In the exercise of free speech, the First Amendment has long recognized the right of social media companies to make their own content moderation decisions without government interference. That settled principle is now being contested. A split in decisions of two federal circuit courts of appeal may lead to the U.S. Supreme Court taking the historic step of defining rules for how Facebook, Twitter, and other social platforms must moderate the stream of millions of daily posts.
Such a review became likely after Florida’s Attorney General filed a petition last week asking the Supreme Court to review a decision by the 11th Circuit Court of Appeals that overturned a Florida law prohibiting social media platforms from removing the posts of political candidates. The Republican AG was encouraged to make this move after the 5th Circuit Court of Appeals approved a Texas social media law that bars companies from removing posts based on a poster’s political ideology.
The 5th Circuit’s decision reverses years of First Amendment law by holding that the government can restrict private speech (in this case, forcing social media companies to carry content it deems offensive) without violating the First Amendment.
Those arguing for a greater role for government in content moderation maintain that a handful of social media companies have a dominant role in the national online debate.
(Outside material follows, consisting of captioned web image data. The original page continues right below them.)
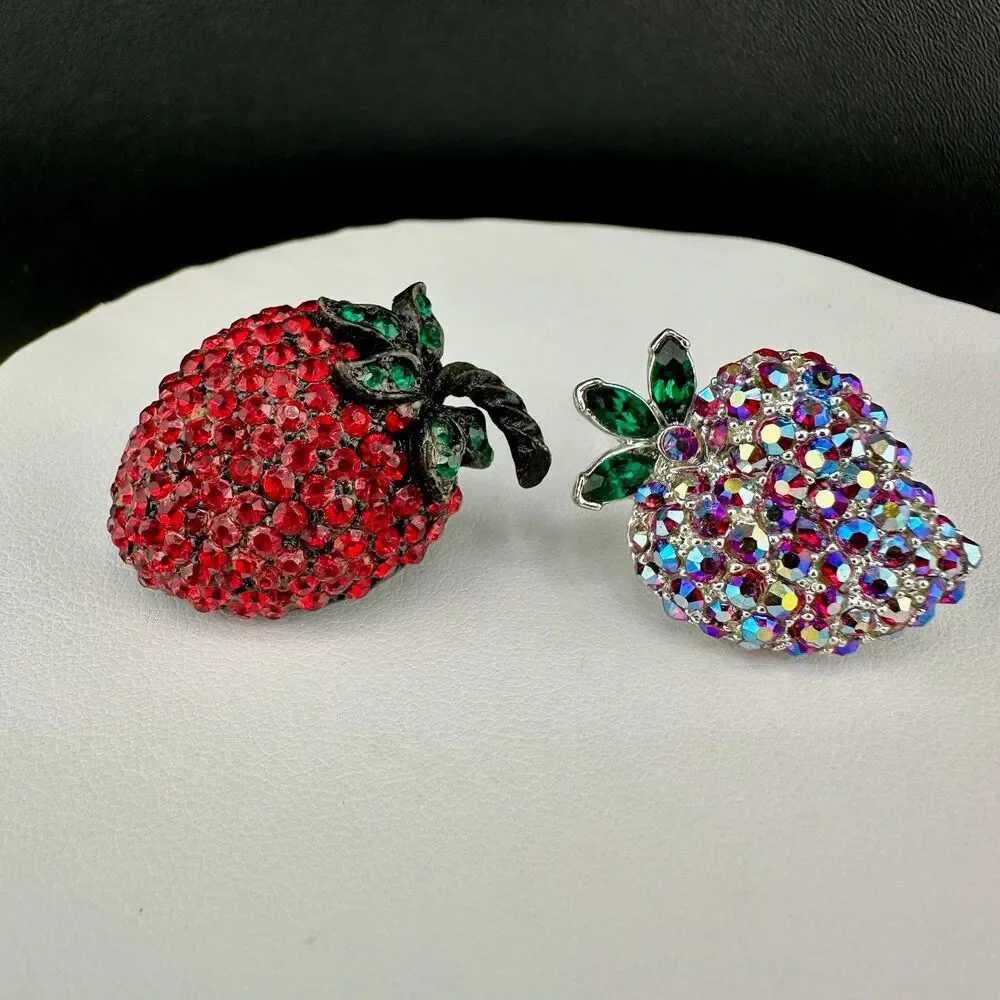 Vintage Rhinestone Strawberry Brooch Pin Lot 1 Signed Weiss 1 AB Figural Fruit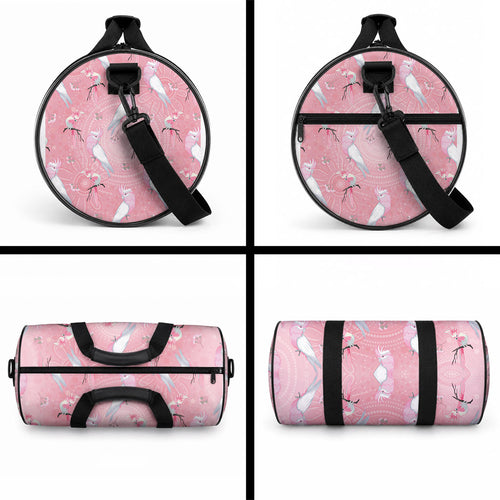 Galah and Gumblossoms Australia Duffle Bag Seamless Style Aboriginal Art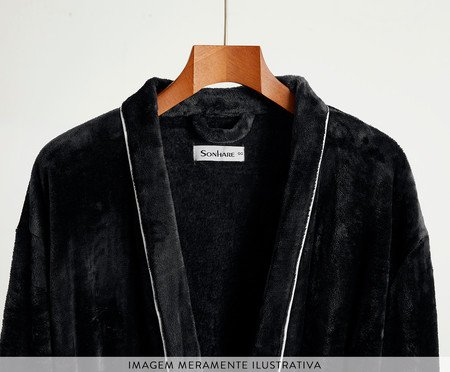 Roupão Kimono Pipping Grafite | Westwing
If Amazon, for instance, decides to delist a book, that author loses access to the most robust sales platform for their speech. It Twitter removes a politician’s posts, it has meaningfully hindered that politician’s ability to respond in the national debate in real time.
Countering those arguments is the reality that alternatives to these platforms do exist. If someone no longer enjoys access to Twitter, there's always Facebook or other platforms upon which views can be disseminated. This includes the opportunity for prominent politicians to start their own social media services where they have total control over the content on their site.
Moreover, the dominance of these media platforms does not make them common carriers like providers of phone or email services. For example, unlike the phone company, social media companies under Section 230 of the Communications Decency Act are empowered to restrict access to material that is “obscene, lewd, lascivious, filthy, excessively violent, harassing, or otherwise objectionable, whether or not such material is constitutionally protected.” The words “harassing” and “objectionable” provide a lot of room for interpretation.
Section 230 gives social media platforms of all sizes liability protection against lawsuits over items posted by users. Without this protection, thousands of commercial and non-profit sites would fold instantly, killing the business model of much of the internet.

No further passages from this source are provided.